As the play ends, you do feel the tension in the theatre, that final twist so unexpected. I think we could have handled the violence we were waiting for, we may have been upset but not as upset as we were with what we were given instead. This was worse, much much worse.
As we start to walk out I am talking to the girl beside me, the one crying, and I ask “has this really affected you that much?” She nods with a smile, and I do have some hope that she will be thinking about that when she is home, that maybe for some in the audience it isn’t just about a few hours entertainment to please our middle class needs, but also it will make us think a little more, understand a little more about the lives of others outside our happy norms, and maybe, just maybe, will change an attitude or two.
Too hopeful? I don’t know, but as I said, sometimes I think too much, maybe I should just think of this as two and a half hours of stunning theatre and leave it at that, it would probably be so much more healthy for me. Whichever, I would highly recommend this to anyone who wants to be stunned, shocked, moved;
Told you it was heavy shit didn’t I. I do apologise, and promise I will be more light-hearted when I write the second half of this later.
“I’ll come to the theatre with you. But none of your weird shit.” my friend and work colleague suggested while we were having lunch one day in April. For someone so respected in the office, she does sometimes have a direct and blunt way with words
Of course what I should have asked is “define weird.” I mean, just look at the big west end shows, surely they are “weird” when you think about it. we have people painted green, others pretending to be animals, shows based on wars, shows about autism, and god knows what else. So, what exactly is my “weird shit” anyway?
But taking her simple request into consideration, I settled on The Angry Brigade, clearly not weird at all. What is wrong with a play based (loosely) on true events from the early 70s when a small group of activists bombed a number of big targets to protest against their perceived commercialisation of the world. See, perfectly normal, nothing weird at all in that, move along, nothing to see here thank you very much.
I’m fairly certain she agreed. As I forwarded on the emails from the theatre to tell us more about the play and its history, I took her comment of “oh god what have I let myself in for?” as a clear sign her interest had been piqued. Then the night of the play finally with us, I introduced her to the marvelous Bush Theatre; “yes, it is a converted library, what’s weird about that?”
So what about the play anyway, this perfectly normal play that I picked to avoid anything too weird? Well, it really is a play of two halves, both in content and style. The first half sees the four actors as the police seeking out the activists. Then the second half they are now the activists, the same time period as the first half now re-run from their viewpoint.
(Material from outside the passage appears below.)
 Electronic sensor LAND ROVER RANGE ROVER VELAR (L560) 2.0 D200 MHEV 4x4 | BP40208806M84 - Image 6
As the police, everything begins very formal, very straight, very normal. Desks are neatly arranged, people correctly attired, formalities followed, tea and biscuits on offer, everything is as it should be. But as it progresses and the four police officers try to get into the minds of the activists, it slowly changes. The office becomes a mess, paper strewn everywhere, desks are moved out of line, and the officers become more relaxed, no longer the formality of earlier; in uniform or language. In short, they slowly descend into a form of anarchy.
In total contrast, the second half begins in chaotic, anarchic fashion. The four actors, now playing the activists, run around the theatre, scenes happen all over the small and intimate surroundings, making us look all around ourselves to see where the voices are coming from. Scenes descend into song and dance for no apparent reason other than it is anarchy. Other scenes flick quickly between time lines, no longer the more linear approach of the first half. And yet as they head towards the moment where the two halves collide and end, there are suggestions that the anarchists are becoming more formal; tea is even being served.
Lines slowly become blurred between the two halves, the police formality trails towards anarchy while the anarchists seem to seek more formality. You are left wondering who are the good guys and who are the bad? After all, how can the bad guys be the ones claiming to want to help others, and yet how can the good guys be the ones planting bombs? As with so much, there is no real answer, no black and white, just many blurred lines in-between.
There are some stunning performances, the ease with which the four actors switch between characters, one moment a police officer, the next a witness, then later an activist, leaves you admiring how flawless and flowing it all is.
There is clearly some artistic licence to the play, and I’m sure if I were to research the real history, much of what was portrayed tonight would be debatable as to its truthfulness.
While set in 1971, it had the feel of today, and maybe it can be questioned how much of the premise was influenced by today’s thinking. Concepts of commercialisation, a lack of trust in authority, politicians having vested interests, all maybe as true today as when the Angry Brigade were rallying against them in their time.
But as with all good theatre, the aim is to make you think, to make you discuss it. And discuss it me and my friend did as we wandered back to the tube afterwards; the concept, the stunning performances, the fantastic use of such minimal staging, and the perfectly normal non-weirdness of it all… ok, maybe the last wasn’t discussed, maybe that was in my mind?
And in-between our happy deep ramblings about what we had just seen, she stated “I want to read what you write before you put it on your blog.” And for a moment I thought that would be only fair, but then on second thoughts, we had just seen a play about anarchy, and well, I thought it only right that I should have this one act of rebellion, it’s the anarchist in me, live with it darling, live with it.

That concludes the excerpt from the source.